En mi caso, lo más peligroso de regalar siempre han sido los libros, tengo una amplia experiencia en ello. Aunque sepa que puedo comprar dos libros y
se acaba el problema, acabo comprando el libro sólo para mí, pues me parece inmoral comprar dos y regalar uno, porque entiendo que eso no es pensar en el otro, entiendo que eso no es regalar, pues sé que regalar es cesar súbitamente de vivir para nosotros mismos y pensar en la persona a la que vamos a obsequiar, pensar y concentrase mucho en ella y quererla de verdad, quererla muchísimo. Amarla de verdad exige que le regalemos el libro y nosotros tengamos paciencia y nos fastidiemos unas horas o unos días, hasta haberle entregado el regalo. Y entonces, ya con el regalo hecho, comprar tranquilamente nuestro ejemplar, con cara de idiotas, eso sí, con cara de ser los típicos manirrotos, esos que regalan siempre lo que más necesitan.

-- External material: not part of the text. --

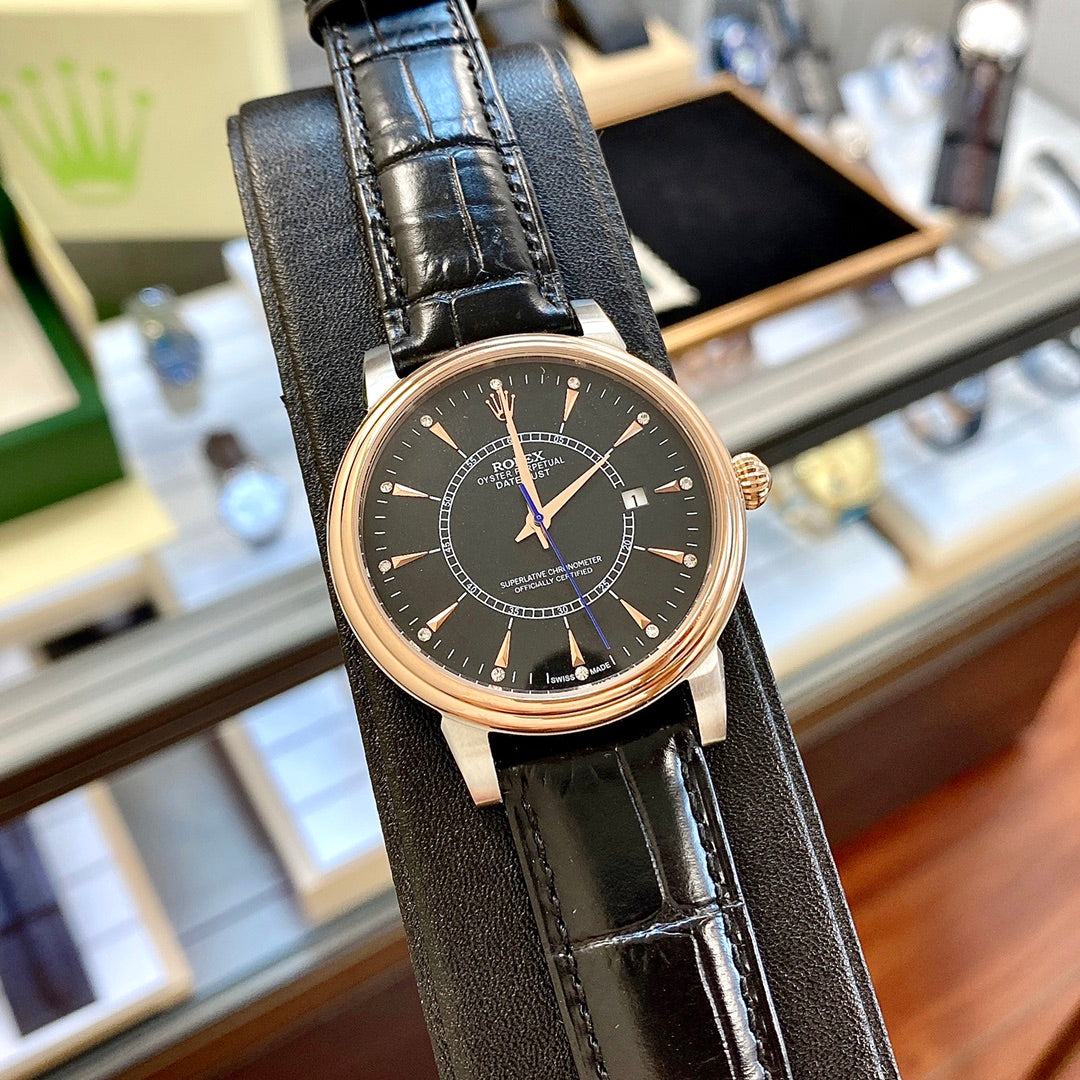 CLASSIC 40MM LEATHER STRAP WATCH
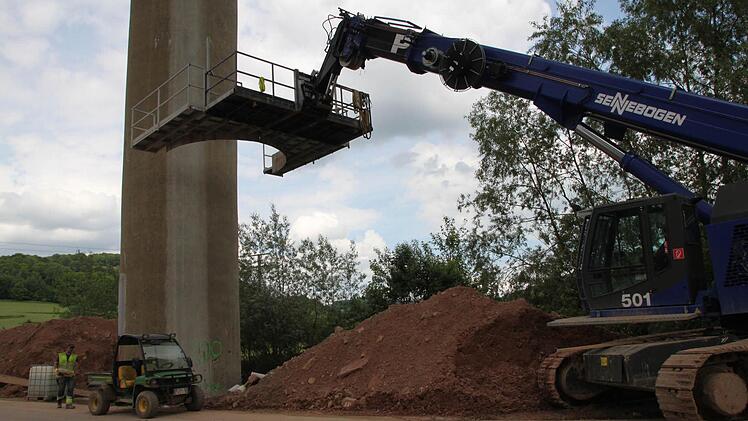 Mit speziellem Gerät werden die Pfeiler für die Sprengung vorbereitet.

He pasado por situaciones como ésa en muchas ocasiones y siempre he acabado regalando el libro y esperando unas horas o días para comprármelo yo. Pero, como en todo, hubo un día que fue la excepción a la regla, fue un día en el que entré en una librería y descubrí que mi autor preferido, sin previo aviso, acababa de publicar su nuevo libro. Lo compré para regalarlo, porque había entrado allí con la idea de buscar algo para regalar a una amiga. Salí de la librería. Volví a entrar. Compré un segundo ejemplar, éste para mí. Entonces pensé que era inmoral comprar dos y regalar uno y me dije que debería haber comprado sólo el ejemplar de regalo, tal como estaba acostumbrado a hacerlo cuando se me presentaba ese dilema ético. Después, todo se complicó aún más cuando de pronto pensé en la amiga a la que iba a regalarle el libro y me di cuenta de que, a pesar de ser una de las personas que más quería en el mundo, en el fondo apenas sabía nada de ella –creo que en realidad no sé nada de nadie–, apenas sabía qué necesitaba o le gustaba. En realidad, me dije, es una completa desconocida para mí. Acabé ampliando mi biblioteca con los dos libros idénticos, diciéndome que era muy improbable que a alguien a quien en el fondo no conocía pudiera interesarle, gustarle exactamente el mismo libro que a mí. Al final, le regalé una lámpara, una que estaba de rebajas en la tienda de la esquina. Y ella, como si hubiera intuido lo que había sucedido, por poco me la tira por la cabeza. Es peligroso regalar.


(...) Es complicado regalar un libro porque muchas personas se fijan sólo en el título de la novela que les ofreces y creen que contiene un mensaje velado para ellos, y algunos acaban incluso sintiéndose aludidos. Me ha ocurrido varias veces. El día, por ejemplo, en que regalé En busca del tiempo perdido a un amigo que creyó que trataba de indicarle que había hecho siempre el imbécil, que toda su vida había estado perdiendo el tiempo. El día en que regalé El arte de callar, del abate Dinouart, a alguien tan susceptible que pensó que trataba de indicarle que fuera menos charlatán, que hablara menos, sobre todo en mi presencia. El día en que regalé El laberinto de la soledad y el amigo tímido que lo recibió y que llevaba años sufriendo en silencio su condición de solitario casi rompió a llorar porque había creído leer El laberinto de tu soledad. Me acuerdo del día en que regalé Rumbo a peor de Samuel Beckett a una amiga deprimida. Y también el más que inolvidable día en que por equivocación regalé una novela al autor de la misma, que precisamente acababa de mandármela a mi domicilio y entendió, con razón, que me burlaba de él y de su libro.